There are two types of conventional refinance loans: a rate and term refinance and a cash-out refinance.
Rate and term refinance
Reduce your monthly mortgage payment by lowering your interest rate. This can also help you pay down your mortgage faster. If you have 20% equity in your home when you refinance, you can save additional costs by eliminating mortgage insurance costs.
Cash-out refinance
The equity you’ve built in your home has value of its own, which you can borrow against for cash. This loan replaces your current mortgage with a new, larger mortgage, totaling more than you owe on the house. In return, you get the difference in cash, which you can use for other expenses. The cash you borrow can be up to 80% of the home’s value.

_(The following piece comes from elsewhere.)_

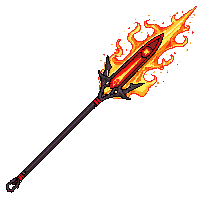 enchanted scythe fire enchantment burning blade flame arc
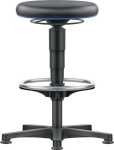 Drehhocker mit Bodengleiter und Fußring Integralschaum schwarz, 560-830 mm Bimos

Many borrowers use this option to pay down high-interest debt or cover other immediate expenses, such as home renovations or college tuition.

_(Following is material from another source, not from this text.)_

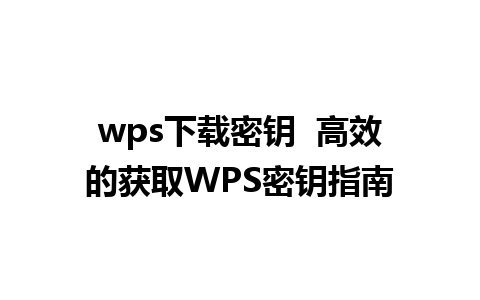 wps下载密钥  高效的获取WPS密钥指南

How to Get a Conventional Refinance Loan
Connect with us to assess whether you’ll benefit from refinancing your current mortgage. For a conventional refinance, we’ll consider your current interest rate, credit score, and finances. Then we’ll do a home appraisal and determine the amount of equity you have in the home.

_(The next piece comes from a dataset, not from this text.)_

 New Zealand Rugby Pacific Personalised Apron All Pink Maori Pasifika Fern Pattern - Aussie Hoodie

Whether you’re interested in a rate and term or a cash-out refinance, we’ll explain your options to see what provides you with the most benefit. We’ll also discuss the new potential terms you pre-qualify for, guiding you through each step until we can close your new refinance loan.
Conventional Refinance Requirements
These are the common requirements you may need to pre-qualify for a conventional refinance. If you have questions about these requirements, we’re here to help.
- In most cases it’s best to have a credit score of 620 or higher. With higher credit scores often comes better interest rates.
- In the underwriting phase, you’ll need documentation of consistent income with a Debt-to-Income ratio at or below 50%. This ratio shows how much of your monthly income goes to paying your current debt.
- Along with income information, you need to share employment verification and history.
- A Loan-to-Value ratio of 80% or less, meaning you’ve paid 20% equity into the home. This is not always required but it can eliminate Private Mortgage Insurance (PMI) and allow you to borrow the most cash.